Phishing didn’t stay in the inbox. The same trick now shows up in texts claiming you owe an unpaid toll or a small fee, as well as in calls from individuals who sound official and ask you to “verify” your account; AI has made all these scenarios far more convincing than before. The same tools that create flawless phishing emails can now clone a voice from just seconds of audio, making a caller posing as a colleague or bank sound convincing. It’s the same goal every time: to get you to hand over a credential, a card number, or other sensitive information before your brain catches up. So slow down. Treat any out-of-the-blue request for information or payment as suspect, hang up, and call the company back on a number you found yourself.
A weak password is an open net, and the easiest goal an attacker will ever get. Strong passwords close that net. The trick isn’t a sticky note with something more complex on it; it’s a password manager like 1Password or Bitwarden that builds and remembers a long, unique password for every account, so nobody on your team has to. Good cybersecurity for businesses really does start here, because this is the first door criminals try when they want unauthorized access.
A password on its own is a single line of defense. Multi-factor authentication is the keeper standing behind it. Ask for one more proof of identity, a code or a tap in an app like Authy, and you block the big majority of account takeovers even after a password leaks. Switch it on for email, banking, and anything that touches client data. It takes a few minutes, and it’s usually free. I’ve lost count of the breaches that never would have happened if this one box had been ticked.

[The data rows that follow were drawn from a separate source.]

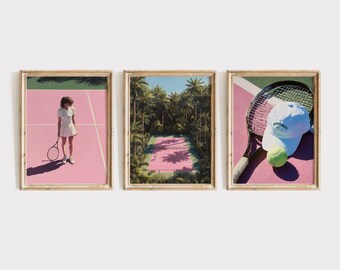 Retro Tennis Print, Sports Wall Decor, Vintage Pink Poster (Digital Download)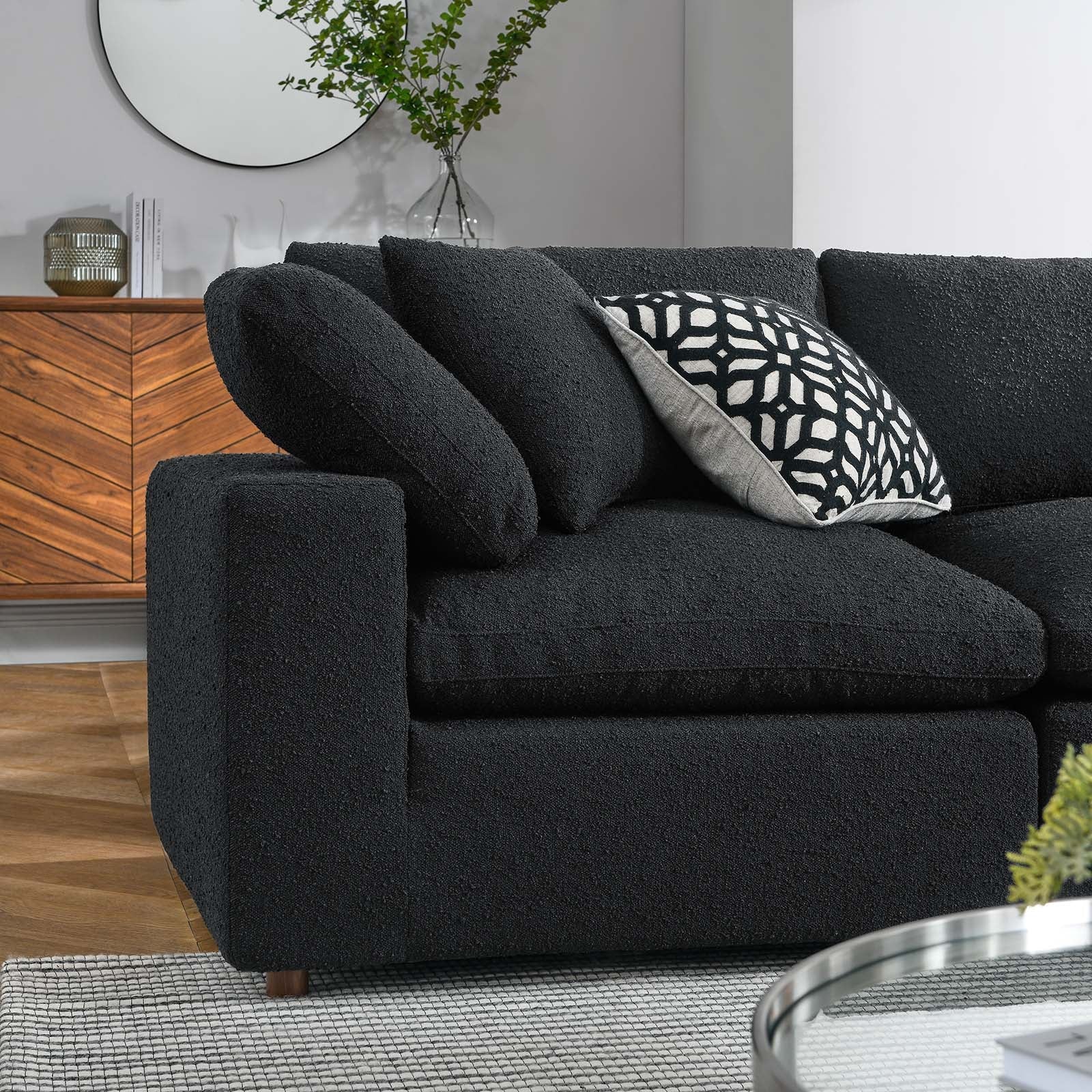 Commix 5-Piece Down Filled Overstuffed Boucle Sectional Sofa by Modway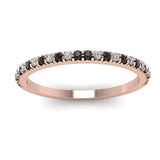 0.60 Carat Round Cut Bar Setting Black And White Diamond Half Eternity Ring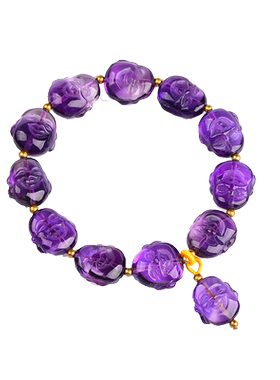 天然紫水晶佛头手链笑佛弥勒佛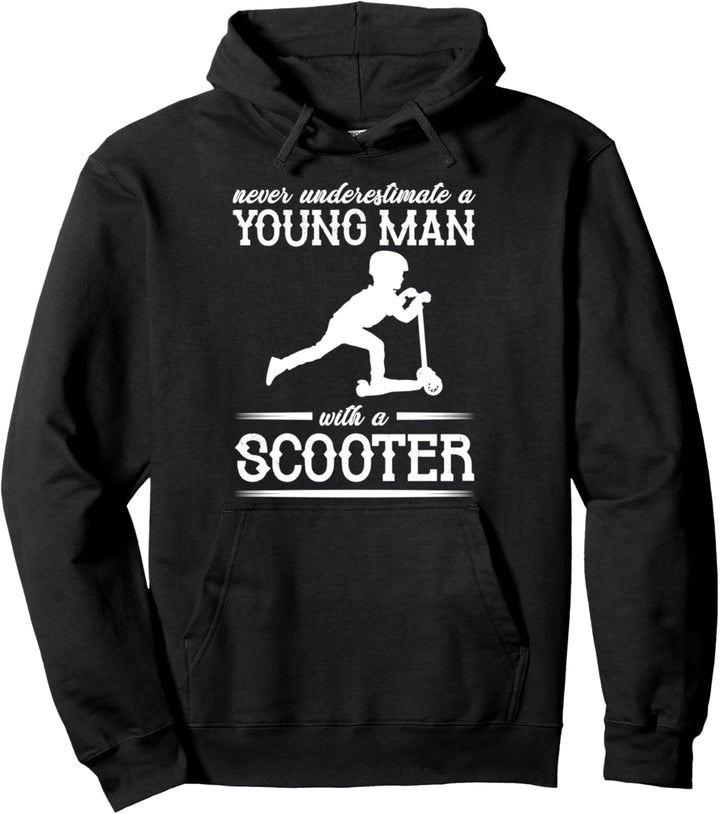Junger Mann mit Roller Fahrer Escooter Driver Extremsport Pullover Hoodie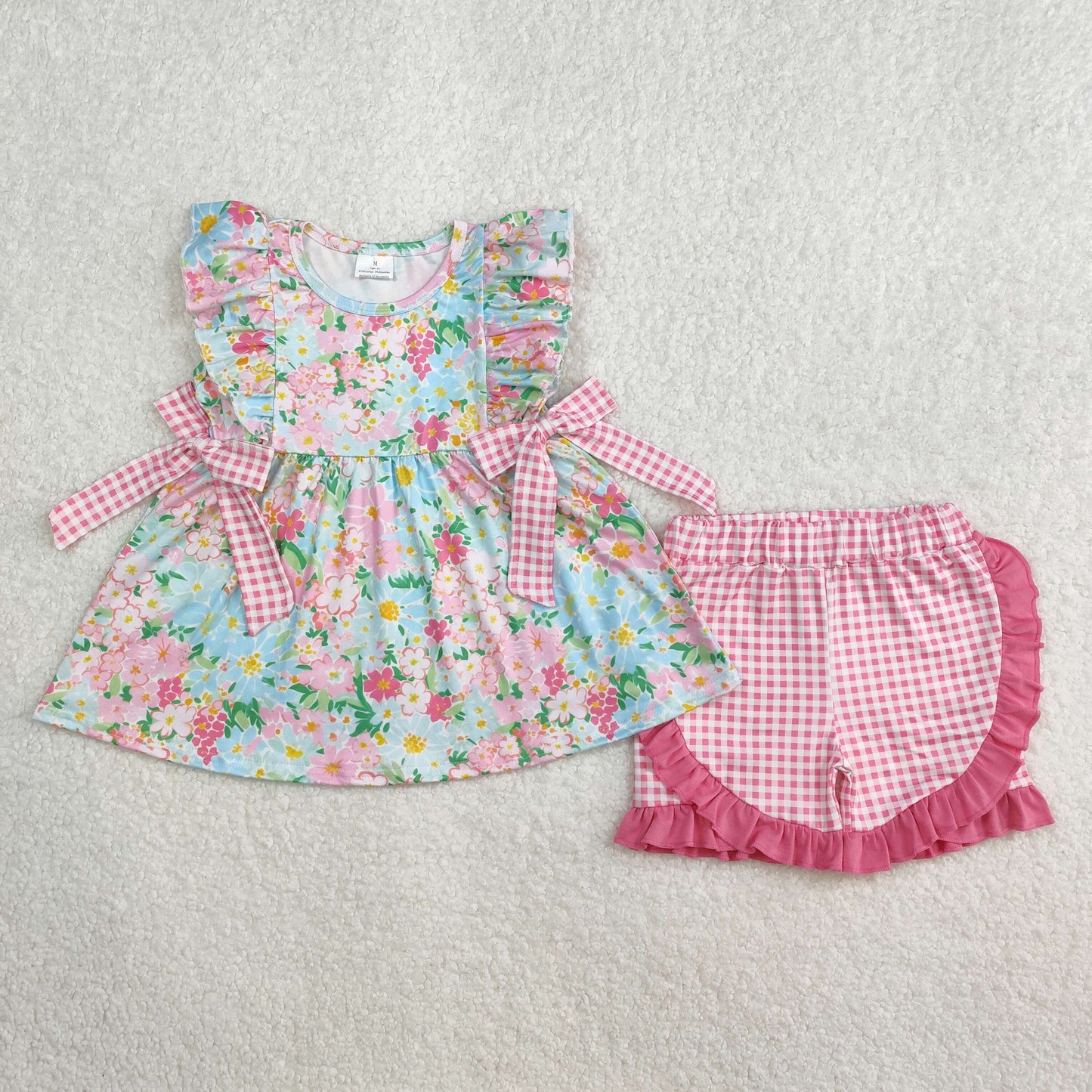 GSSO2111 watercolor colorful flowers pink bows ruffles sleeve checkered shorts girls set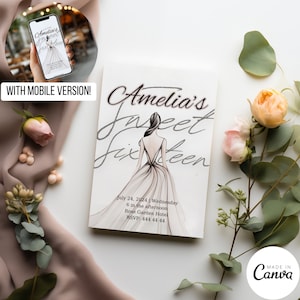 Sweet 16 Einladungsvorlage, Digital Save the Date zum 16.Geburtstag, Sweet 15 Evite, Geburtstagsbrunch-Einladung, bearbeitbare Canva-Vorlage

Every “update available” your team clicks away is a door left ajar. A lot of cyberattacks don’t take genius. They take patience, and a known vulnerability in software that nobody bothered to update. Turn on automatic updates, regularly update every device and app your team relies on, and treat a pending update on a work machine as a job to finish, not a nag to dismiss.
In a city this packed and this distracted, a phone or laptop is going to go missing. Whether that’s a crisis or a shrug comes down to what you set up first. A screen lock, full-device encryption, and the ability to remotely wipe a device turn a lost phone into an annoyance rather than a breach. If your people carry client files and sensitive data around on the move, this one isn’t optional.
Free AI tools are everywhere, and your team is almost certainly using them already. The trouble starts when someone pastes a client contract, customer information, or a confidential file into one to shave ten minutes off a task, because the moment it’s in there, you’ve lost track of where it goes. IBM calls this shadow AI, the unsanctioned use of AI at work, and found it played a part in one in five breaches in 2025, adding an average of $670,000 to the bill. Decide which tools your people can use, spell out what must never go into one, and you sharply reduce the risk.
A QR code feels official. Point your phone, and you’re on the parking site, the digital ticket, the drinks menu. Criminals know that trust, and they exploit it. Around a big event they paste their own codes over the real ones, and the page that opens is a flawless copy built to grab your card details or your login. The fix costs nothing. Check that a code hasn’t been stuck over the original, reach important sites by typing the address yourself rather than scanning to get there, and never enter payment or login details on a page you landed on from a code you weren’t expecting.
One of the biggest challenges I face is treating security as a tech problem that lives in a server room or elsewhere. It’s a business decision about how much risk you’re willing to take on, and it belongs at the leadership table, next to every other call that can sink or save a company. That’s as true for a law firm guarding privileged client files as it is for a manufacturer or a fund. It is also about personal accountability.
One of my jobs is to think like an attacker, so you can stay a step ahead of one. The plays above will protect your business throughout the tournament and long after. The World Cup is going to be a remarkable few weeks for Los Angeles. Let’s make sure it’s remembered for the football, not for the breach nobody saw coming.
If it’s time to take a hard look at where your business stands, our cybersecurity team works with businesses and law firms across Los Angeles on exactly this. Call 818.532.1020 or get in touch through our contact page.
Why would the World Cup raise cyber risk for my business?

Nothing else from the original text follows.